Heureusement, la présence de Stopa et des hommes robustes qu’il commandait conférait à la réunion une atmosphère de vigueur dont elle eût été sans cela dépourvue. Ils étaient des hommes manifestement capables d’agir avec énergie et efficacité et visiblement pénétrés d’un sens aigu de fidélité personnelle à l’égard de Feric. Ce dernier avait déjà donné, quant à l’esprit pratique et au ton martial, une nouvelle dimension à ce parti encore dans les limbes de la rêverie ; le fait que ses hommes se fussent pliés au nouveau salut du Parti en était une preuve.
« Nous avons de grandes choses à accomplir dans l’immédiat, Purhommes, commença Feric d’un ton tranchant. J’ai étudié le Parti de la Renaissance Humaine tel qu’il se présente, actuellement ; il faut y apporter des changements draconiens. En tout premier lieu, le nom lui-même doit disparaître. Dans l’esprit des gens normaux, il suggère une sorte de comité de bavards de taverne et non un parti de patriotes rigoureux et résolus. Quelque chose comme « Les Fils du Svastika » serait beaucoup plus approprié. Depuis le Temps du Feu, le svastika a été l’emblème sans équivoque de la pureté raciale. Il symbolise notre cause, si clairement que le dernier des rustres peut le concevoir facilement. De plus, il nous procurera certains avantages dans le domaine de la propagande, problème qui surgira plus tard.
— Idée géniale ! s’exclama Marker. Notre cause et le nom du Parti pourront donc ainsi tous deux être exprimés en un seul symbole visuel à la signification évidente, même pour des illettrés. Aucun autre parti ne dispose d’une arme aussi puissante dans cette lutte qu’est la propagande ! »
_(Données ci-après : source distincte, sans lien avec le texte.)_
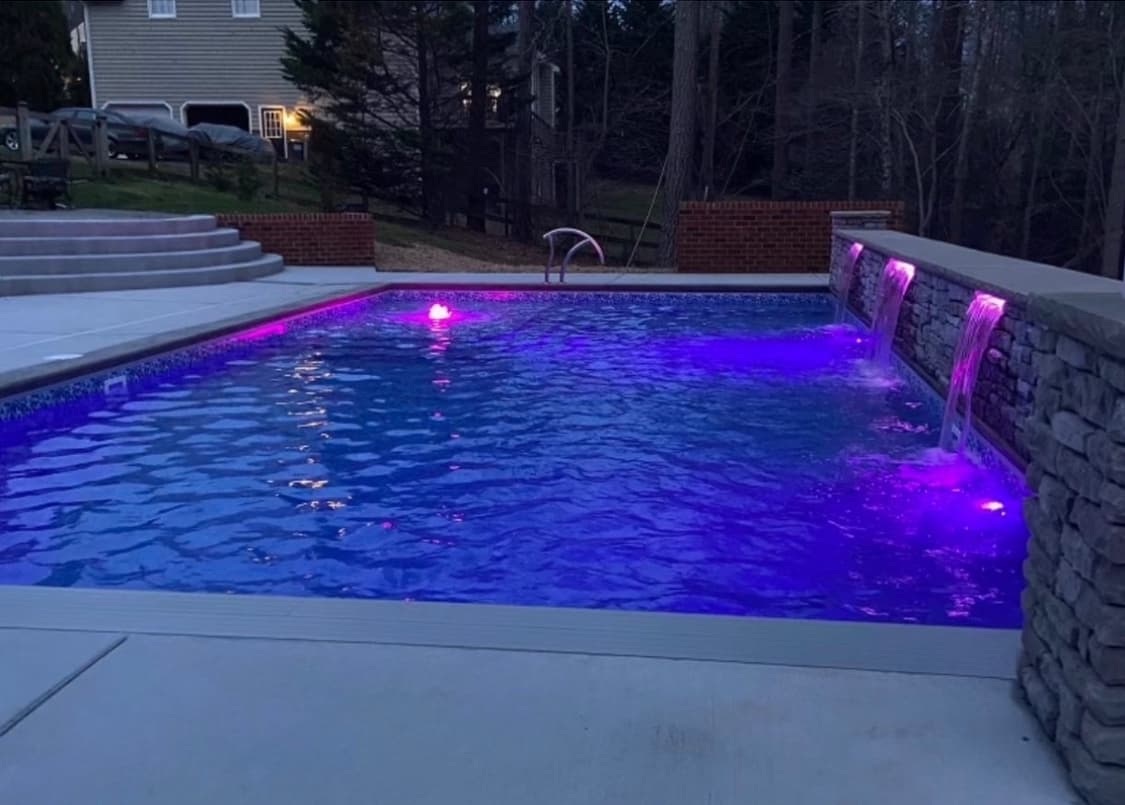 Pool with dramatic LED lighting at twilight.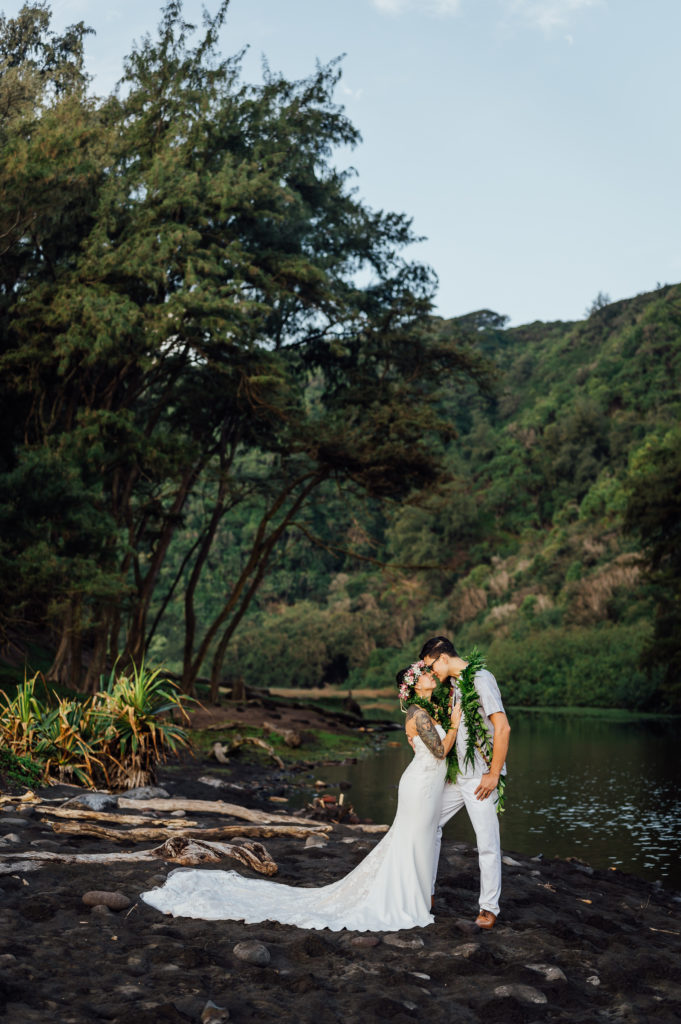newlyweds about to kiss by a riverside at Big Island
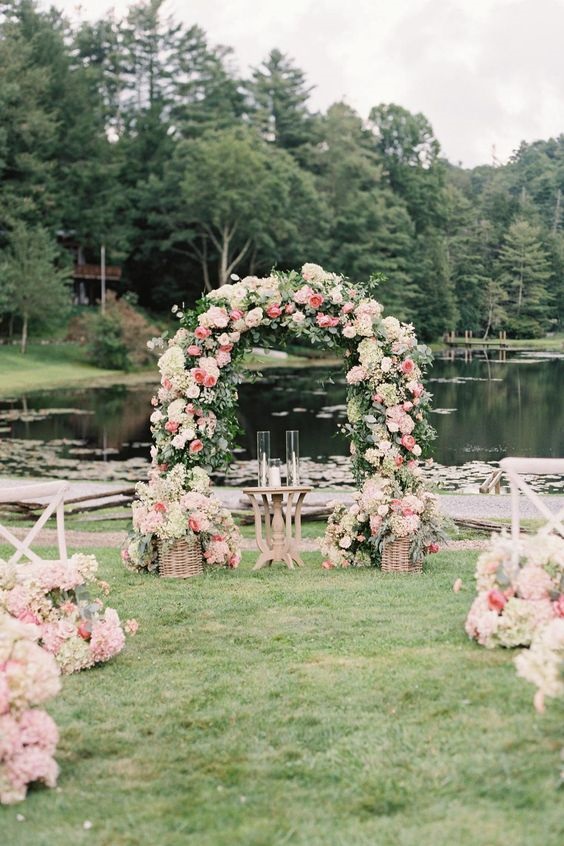 wedding arch with pink and light pink flowers for june wedding colors combos for 2025 light pink and pink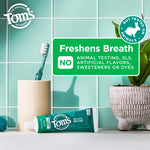 Tom's toothpaste tube on a bathroom counter with toothbrush, plant and a badge stating no animal testing and freshness benefits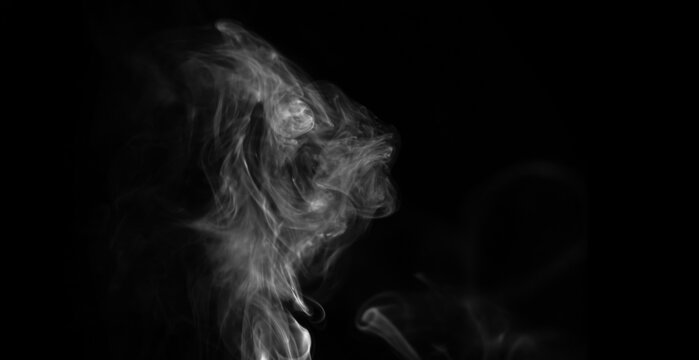 Smoke effect on a black background. Fog or mist texture, abstract and flowing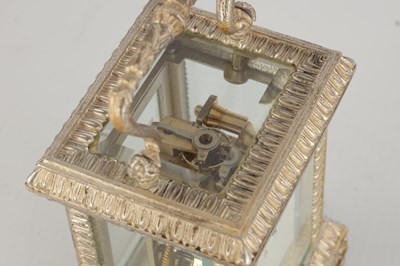 Lot 1471 - A 20TH CENTURY CAST SOLID SILVER CARRIAGE CLOCK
Feric demeura impressionné de la façon dont Marker avait saisi l’essence même de son intervention. Cela lui redonnait courage et affûtait son mordant. Découvrir cette qualité, aussi fortement développée, chez un subordonné constituait une révélation pleine de promesses.
Les autres, quant à eux, grommelèrent leur méfiance, exception faite pourtant du théoricien Parmerob, qui manifestait une agitation extrême. Finalement, sa contrariété se traduisit verbalement.
« Le nom du Parti de la Renaissance Humaine a été choisi après de multiples délibérations, dit-il avec irritation. Il exprime très précisément les positions fondamentales du Parti.